The admissibility of evidence of the previous misconduct of the defendant in a criminal trial has for over a hundred years been governed by a complex yarn of statute and common law. This assortment of rules under was later to gain statutory recognition and a comprehensive statement on the law of evidence on character evidence appeared in the Criminal Evidence Act 1898 whose section 1 generally dealt with the competence of witnesses in criminal cases. The approach regarding non-party witnesses and defendant witness was radically different with the latter being essentially exclusionary whilst the former was largely inclusionary.
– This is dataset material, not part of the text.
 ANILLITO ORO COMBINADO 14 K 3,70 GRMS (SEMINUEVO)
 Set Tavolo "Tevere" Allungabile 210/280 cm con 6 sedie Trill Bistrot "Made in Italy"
There were two reasons to adduce the bad character of non-party witnesses: first, to undermine their credibility and suggest that they should not be believed on oath. Secondly, because it was directly relevant to a fact in issue at the trial; for example, to suggest that the alleged victim in an assault case is actually the aggressor, because of his previous record of violence. The position with regard to credibility was summarised in the libel case of Hobbs v Tinling in which the Court of Criminal Appeal suggested that a witness could be asked any question about his character or previous conduct from which the court could infer that he was 'not worthy of belief, not a credible person'. This meant that he could be asked about previous convictions and any reprehensible associations or way of life. Thus, at common law, and unlike the relatively protected position of an accused person giving evidence, there were few legal constraints on cross-examining non-party witnesses in a criminal trial, though, since 1976, complainants in sexual cases have had special statutory protection in relation to their sexual histories. Some additional protection was provided by the 1975 Practice Direction, Crime: Spent Convictions. The Practice Direction provided that spent convictions should only be referred to in a criminal trial with leave of the presiding judge. This should only be given if the 'interests of justice so require' so that adducing it could not be 'reasonably avoided'.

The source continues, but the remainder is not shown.